The ocean is forced by the fluxes of momentum, heat, and fresh water at the sea surface. When driving an ocean model using stationary fluxes for a sufficiently long time, we expect the model  to produce an equilibrated ocean characterized by stationary fluctuations. These fluctuations are not all synchronized with the surface fluxes.  For an ensemble obtained by forcing the ocean model with the same fluxes (starting from slightly different initial states),   fluctuations (at a time) that are  synchronized with the surface fluxes can be identified as the mean across the ensemble (at that time), and those not synchronized with the surface fluxes as the deviations from the mean across the ensemble.

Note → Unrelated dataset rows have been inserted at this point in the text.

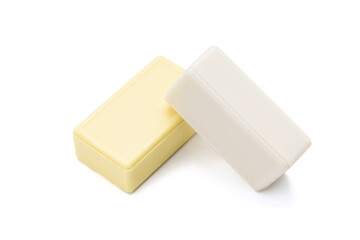 yellow and white soap bars isolated on white background. antibacterial soap bricks cut out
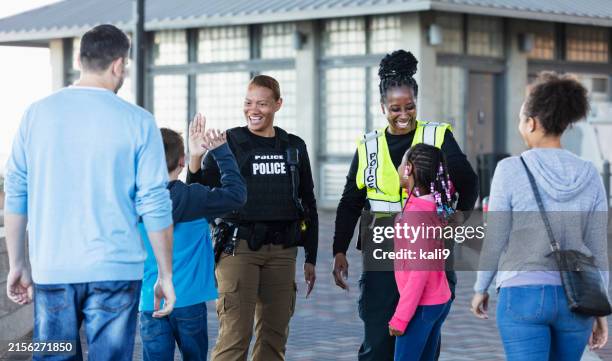 dos mujeres policías saludan a miembros de la comunidad - cuerpo de policía fotografías e imágenes de stock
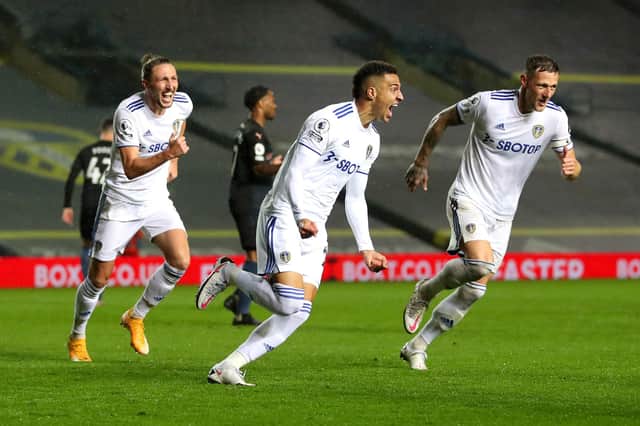 LEEDS, ENGLAND - OCTOBER 03: Rodrigo Moreno of Leeds United celebrates after scoring his team's first goal during the Premier League match between Leeds United and Manchester City at Elland Road on October 03, 2020 in Leeds, England. Sporting stadiums around the UK remain under strict restrictions due to the Coronavirus Pandemic as Government social distancing laws prohibit fans inside venues resulting in games being played behind closed doors. (Photo by Catherine Ivill/Getty Images)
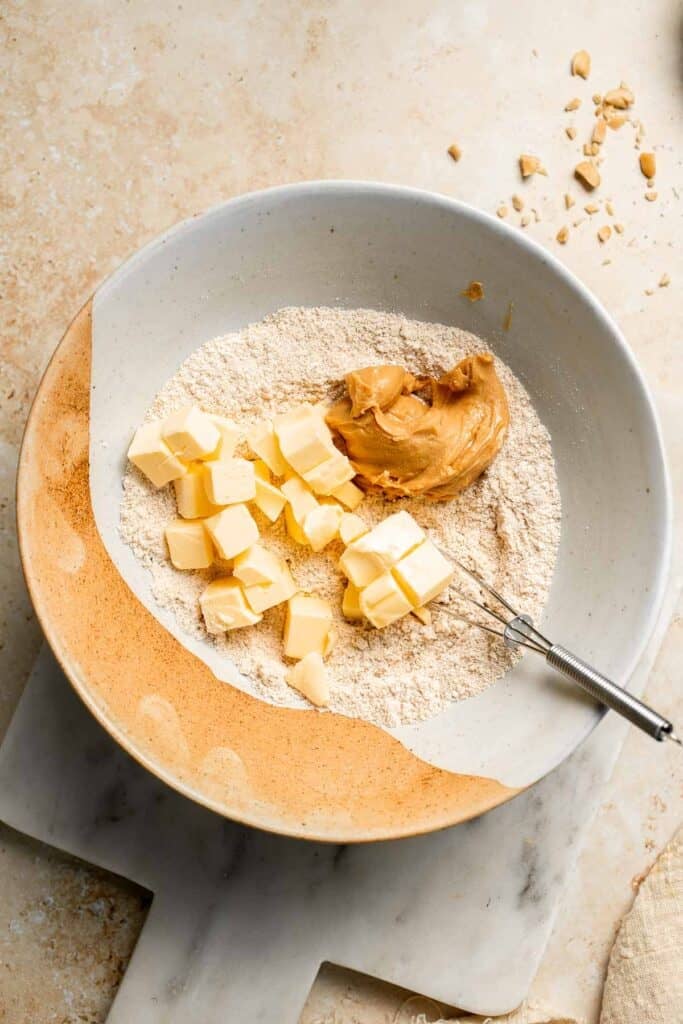 Delicious, protein-packed peanut butter muffins with a crunchy streusel topping are perfect for breakfast or as a midday snack. Soft, fluffy, and tasty! | aheadofthyme.com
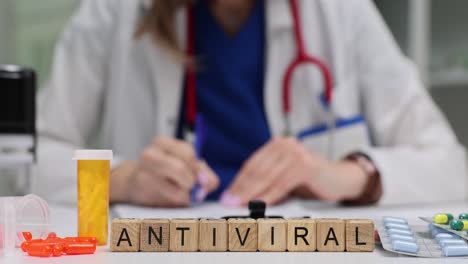 doctor's desk with antiviral medication and pills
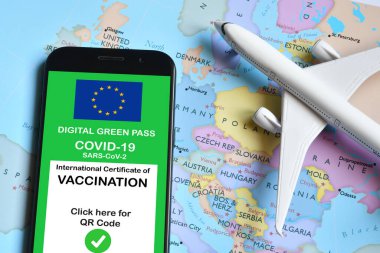 Traveling during the corona virus pandemic. Smartphone with european digital covid-19 vaccination certificate along with protective masks and airplane model on european map. Safe travel concept.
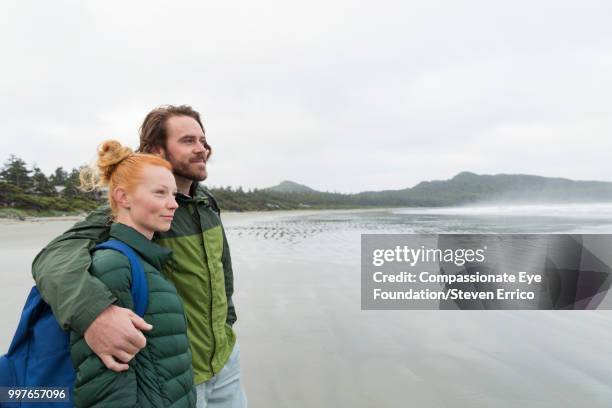 couple hiking on beach looking at ocean view - "compassionate eye" fotografías e imágenes de stock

In case that the model has a sufficiently fine resolution, we expect that the latter — also known as intrinsic ocean variability — is substantial. The intrinsic ocean variability has to get its energy from somewhere. The only possible energy source is the surface fluxes, which originate from atmospheric motions supported (essentially) by the Sun. In this sense, intrinsic ocean variability can be considered as a feature of an ocean that is in equilibrium with a huge reservoir. 

 

The principle that governs equilibrium fluctuations — no matter how the equilibrium is reached — is a form of fluctuation-dissipation relation. The relation ensures that in an equilibrium with a reservoir, anything  that generates fluctuations must also dissipate fluctuations, and anything that dissipates fluctuations must also generate fluctuations. This principle makes a dynamical system in equilibrium with a reservoir be inherently random, even when the forcing resulting from the reservoir, such as the surface fluxes, is purely deterministic.  We evaluate this principle using solutions from the Lorenz's 1963 model and solutions obtained from the ICON ocean model with a horizontal resolution of  5 km.